With transparency in the procurement system, accountability would ensue so strengthening the governance of the system (Rotich & Okello, 2015; Mackey & Cuomo, 2020) and reducing the cost of maverick sourcing (Glas & Kleemann, 2016; Rejeb et al., 2019; Nicoletti, 2020a). Importantly, all modern-day procurement 4.0 systems comprise three integrated procurement modules in the form of e-sourcing, e-transactions (e-Marketplaces) and e-payment platforms. These platforms allow the automation of the entire procurement cycle (all contractual processes such as online auctions, bidding and tendering and requests for quotations) with current and potential suppliers via online platforms (Khuan & Swee, 2018). Besides, procurement partners can meet via the internet and do business to business (B2B), government to business (G2B), as well as Government to Government (G2G) transactions (Deshmukh, 2020). Notably, the possibility of sending money via the internet for the purchase of goods and services presents realistic opportunities for secure, efficient and effective value chain management (Nicoletti, 2020b). Tracing these metrics allows us to determine the implications of Procurement 4.0 on value chain management systems and find ways to improve the entire process.

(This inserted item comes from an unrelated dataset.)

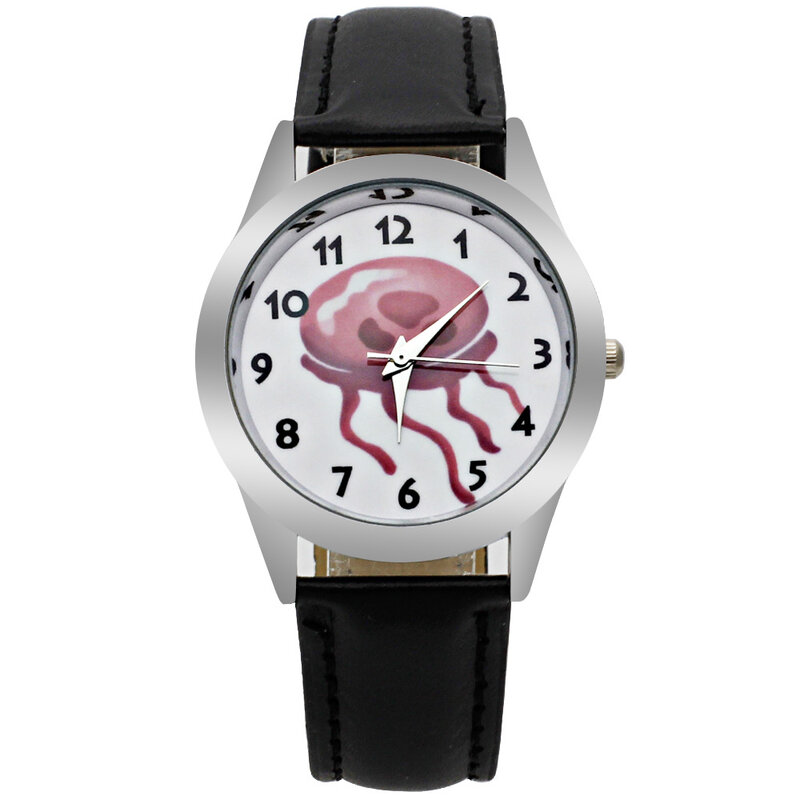 Reloj con diseño de animales del océano para niños y niñas, cronógrafo de cuarzo con esfera de acero inoxidable de alta calidad, regalo para estudiantes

Variables and Hypothesis Formulation
Figure 1 draws attention to the variables predicting the implications of procurement 4.0 on value chain management performance. These include those presented by e-sourcing, e-markets and e-payments platforms as independent variables. Value chain management performance depicts the dependent variable. We discuss these relationships in subsequent sections leading to the hypotheses that explain the implications of procurement 4.0 on value chain management in the public sector.
Value Chain Management Performance
As indicated in previous sections, value chain management (VCM) is a strategic business approach that helps organisations increase their long-term competitiveness. Nevertheless, it is improbable that organisations would achieve this implied competitiveness if they were to operate within a fragmented would be achieved such competitiveness by operating as an individual business within a fragmented value chain. Procurement then works to link the value creation nodes throughout the entire value chain. Rather than focusing only on the day-to-day purchasing activities, procurement has to ensure that the long run value-adding activities are also uninterrupted (Maestrini et al., 2017; Nagy et al., 2018; Mutangili, 2019; Hassan et al., 2020). To that effect, studies (Walters et al., 2008; Maestrini et al., 2017; Khuan & Swee, 2018; Nicoletti, 2020b) connect value chain management performance with the effectiveness and efficiency of all value creation activities involved in meeting the end customer requirements. Moons et al., (2019) enthuse that this touches on product availability, on-time delivery, and order fill rate and storage capacity of the value chain to deliver that perform as expected. Accordingly, a set of metrics such as quality, flexibility, cost, supplier reliability, innovation, responsiveness, fill rate, and perfect order fulfilment decide value chain management performance. With this in mind, one can see the implications of procurement 4.0 given its platforms and performance objectives, as discussed in subsequent sections.
The Implication of E-Sourcing (E-Tendering) on Value Chain Management Performance
Oteki (2019) envisages an improvement in the efficiency of a tendering process by implementing an e-sourcing platform as part of the Procurement 4.0 application in organisations. Furthermore, Al-Yahya and Panuwatwanich (2018) established that the efficiency of an e-tendering system correlates with the time it takes to distribute and receive bids to and from suppliers. In their study, Khan et al., (2020) found that web-based e-sourcing systems led firms to reduced transaction costs, improved internal process efficiency and increased collaboration with the suppliers. Against this background, we can propose that:
H1: E-sourcing positively shapes the value chain management in South Africa’s public sector organisations.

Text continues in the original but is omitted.